Web page caption snippets:
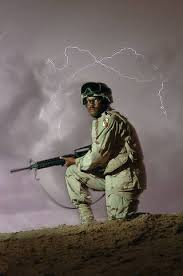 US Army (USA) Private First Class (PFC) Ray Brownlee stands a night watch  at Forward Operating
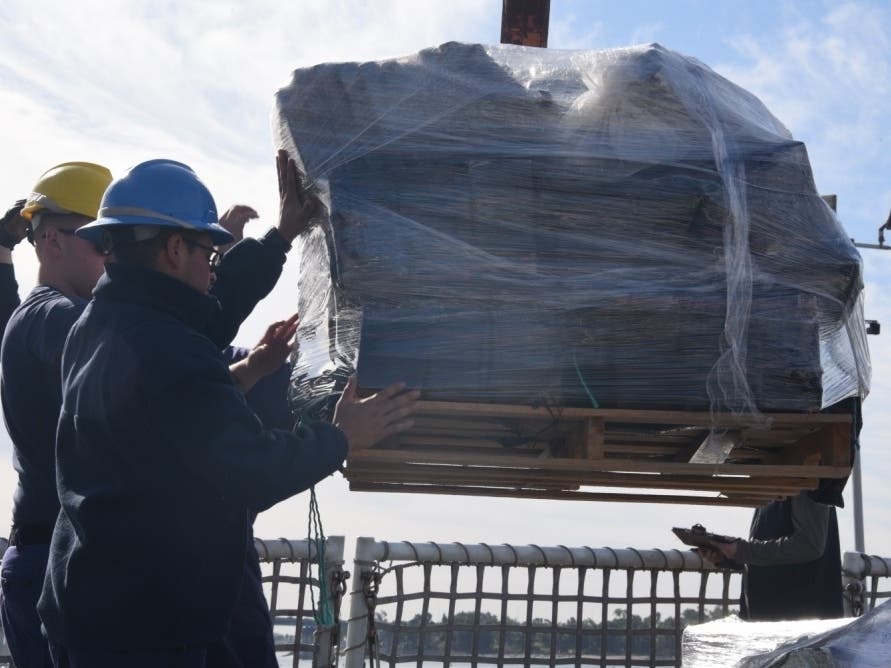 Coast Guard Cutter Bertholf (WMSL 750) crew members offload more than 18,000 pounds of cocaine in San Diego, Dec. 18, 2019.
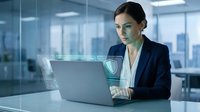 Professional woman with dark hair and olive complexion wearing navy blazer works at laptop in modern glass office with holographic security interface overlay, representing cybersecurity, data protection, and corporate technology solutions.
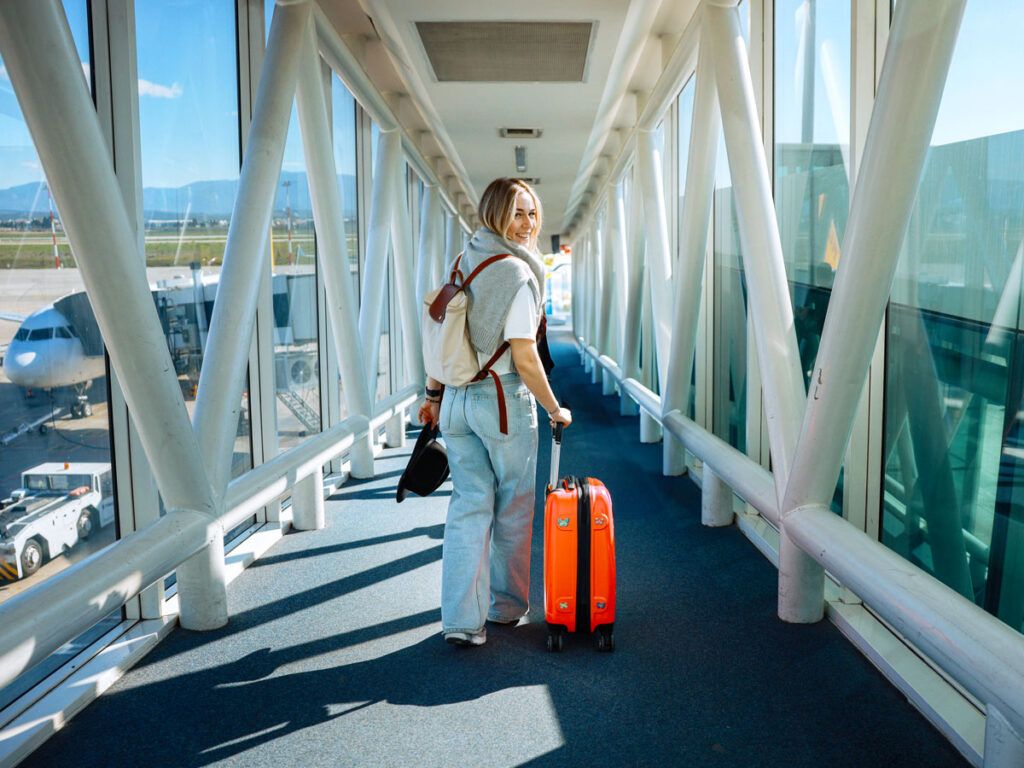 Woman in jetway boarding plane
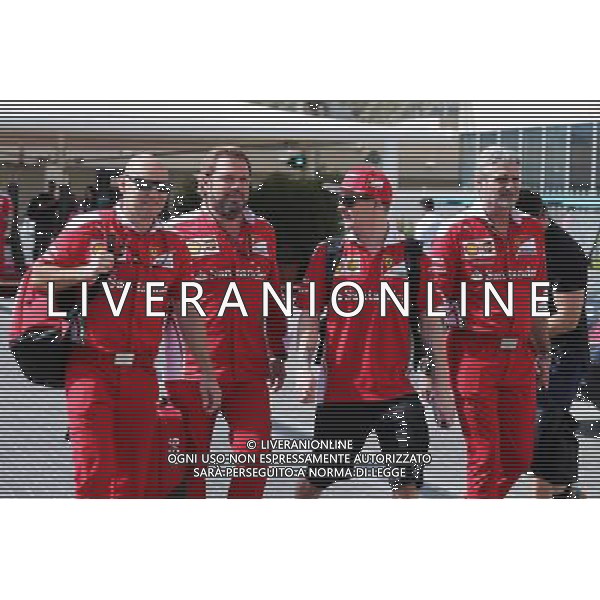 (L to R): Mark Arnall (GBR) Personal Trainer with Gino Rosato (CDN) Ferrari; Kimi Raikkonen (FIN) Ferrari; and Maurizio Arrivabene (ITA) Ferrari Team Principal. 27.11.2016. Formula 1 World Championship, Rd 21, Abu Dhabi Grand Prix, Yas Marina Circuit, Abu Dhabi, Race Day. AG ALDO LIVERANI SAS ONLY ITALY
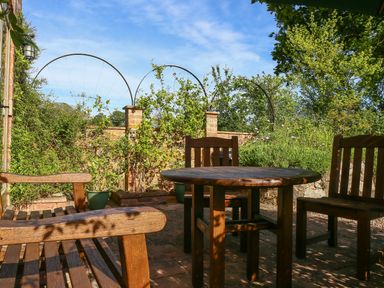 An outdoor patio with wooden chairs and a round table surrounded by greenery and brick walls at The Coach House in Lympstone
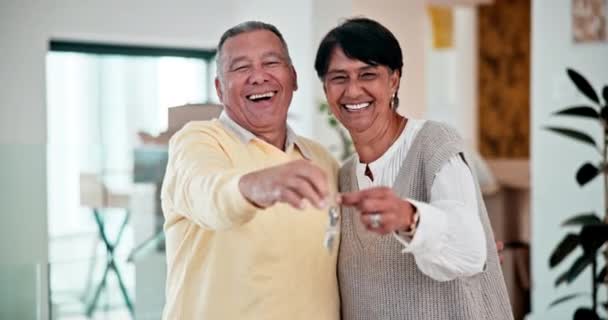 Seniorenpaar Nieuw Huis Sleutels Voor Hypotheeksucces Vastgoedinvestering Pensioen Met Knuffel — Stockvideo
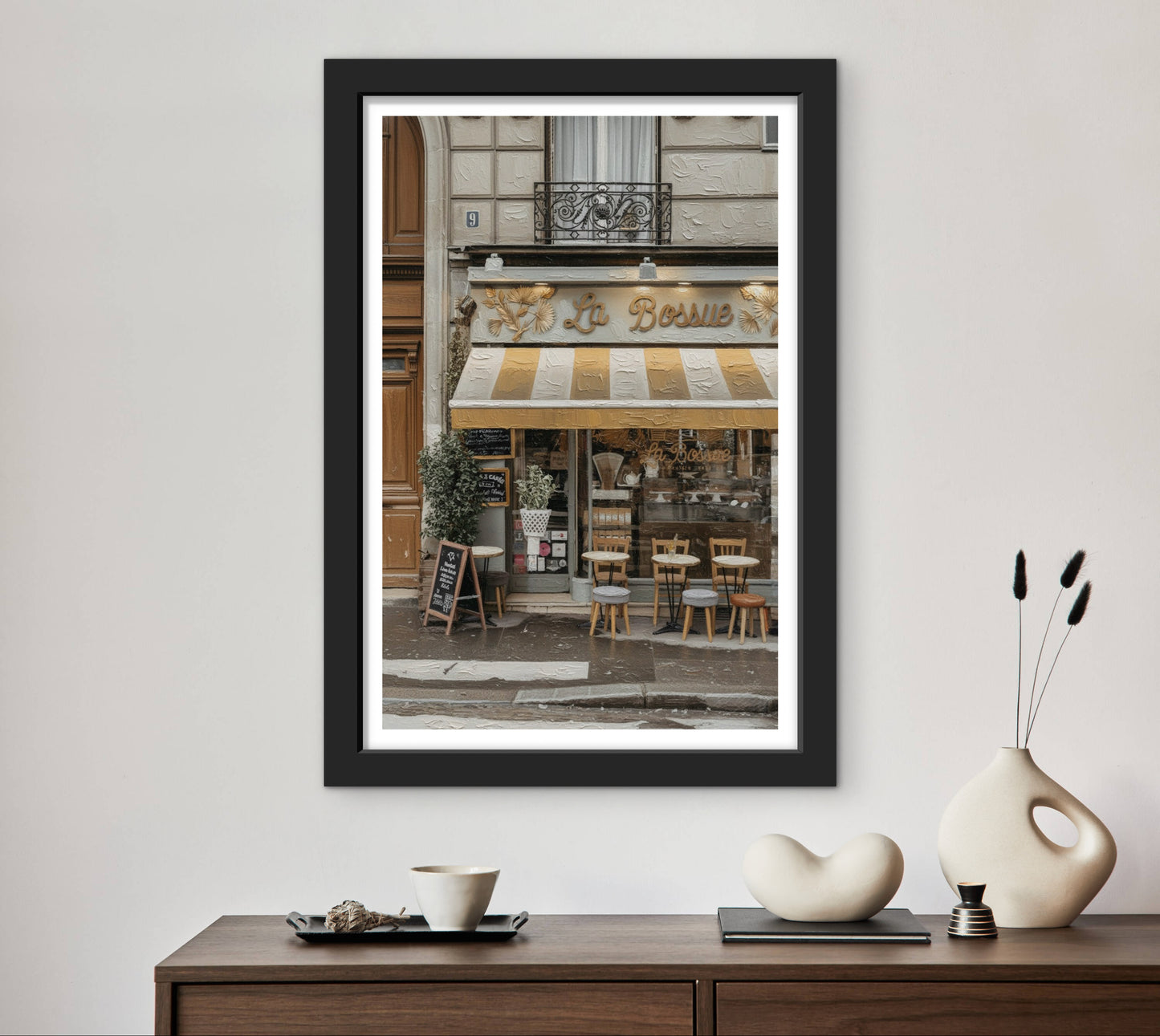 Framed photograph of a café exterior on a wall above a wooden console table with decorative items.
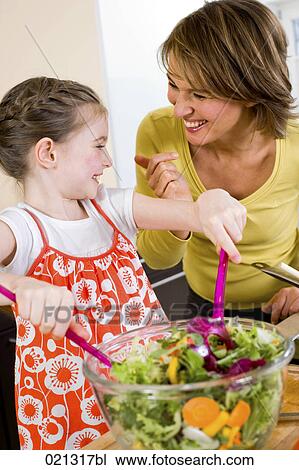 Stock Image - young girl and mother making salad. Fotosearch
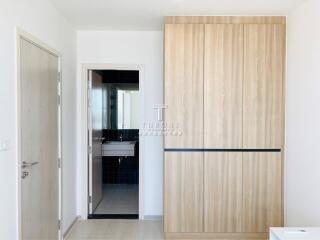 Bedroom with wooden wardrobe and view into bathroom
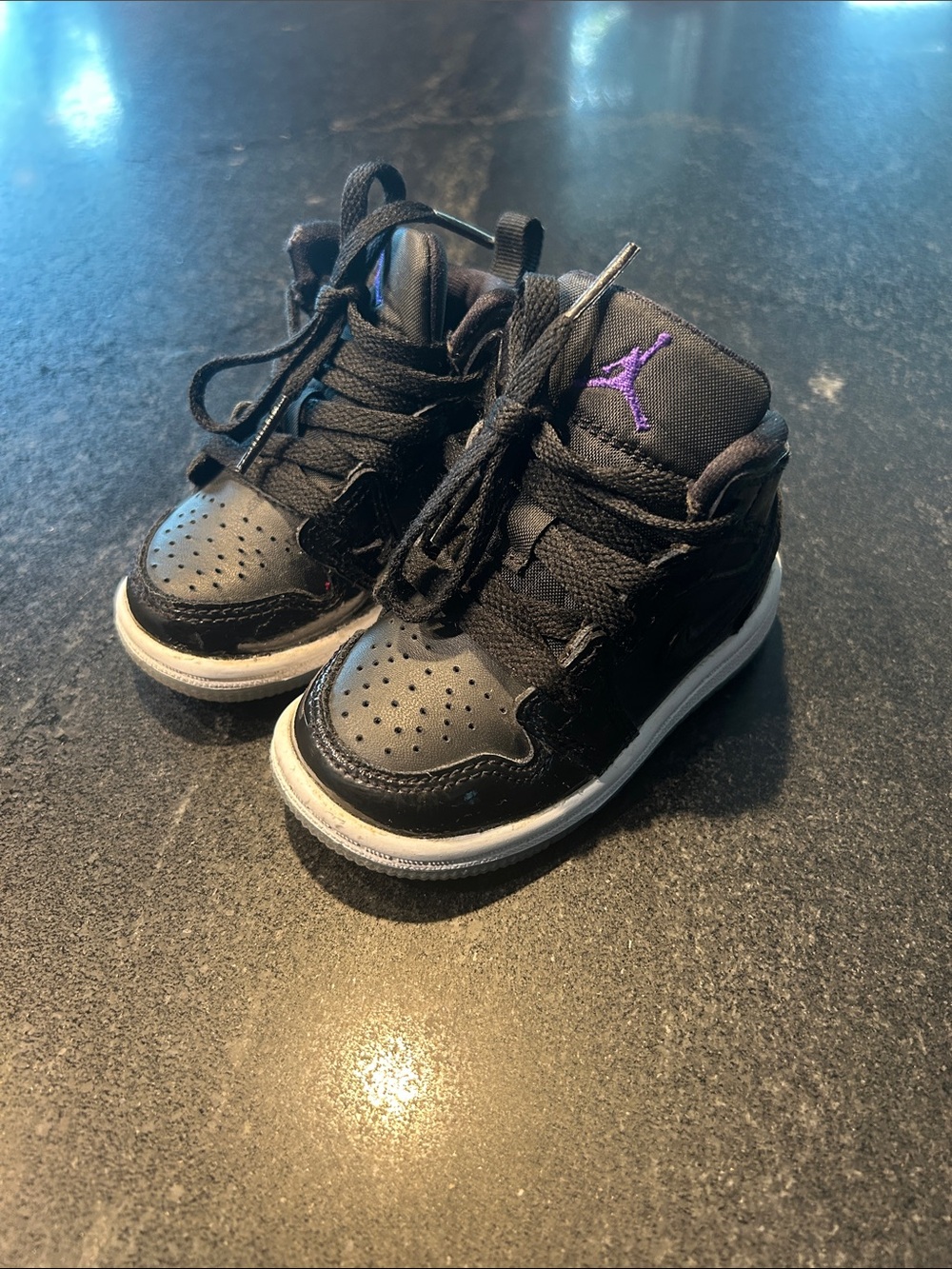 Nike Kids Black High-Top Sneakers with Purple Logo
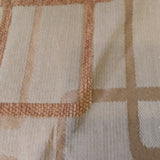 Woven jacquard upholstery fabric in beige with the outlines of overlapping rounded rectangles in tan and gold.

* Task instructions *
Only the text is to be copied: please reproduce the records exactly and drop the pictures.

* Problem solution *
 US Army (USA) Private First Class (PFC) Ray Brownlee stands a night watch  at Forward Operating
 Coast Guard Cutter Bertholf (WMSL 750) crew members offload more than 18,000 pounds of cocaine in San Diego, Dec. 18, 2019.
 Professional woman with dark hair and olive complexion wearing navy blazer works at laptop in modern glass office with holographic security interface overlay, representing cybersecurity, data protection, and corporate technology solutions.
 Woman in jetway boarding plane
 (L to R): Mark Arnall (GBR) Personal Trainer with Gino Rosato (CDN) Ferrari; Kimi Raikkonen (FIN) Ferrari; and Maurizio Arrivabene (ITA) Ferrari Team Principal. 27.11.2016. Formula 1 World Championship, Rd 21, Abu Dhabi Grand Prix, Yas Marina Circuit, Abu Dhabi, Race Day. AG ALDO LIVERANI SAS ONLY ITALY
 An outdoor patio with wooden chairs and a round table surrounded by greenery and brick walls at The Coach House in Lympstone
 Seniorenpaar Nieuw Huis Sleutels Voor Hypotheeksucces Vastgoedinvestering Pensioen Met Knuffel — Stockvideo
 Framed photograph of a café exterior on a wall above a wooden console table with decorative items.
 Stock Image - young girl and mother making salad. Fotosearch
 Bedroom with wooden wardrobe and view into bathroom
 Nike Kids Black High-Top Sneakers with Purple Logo
 Woven jacquard upholstery fabric in beige with the outlines of overlapping rounded rectangles in tan and gold.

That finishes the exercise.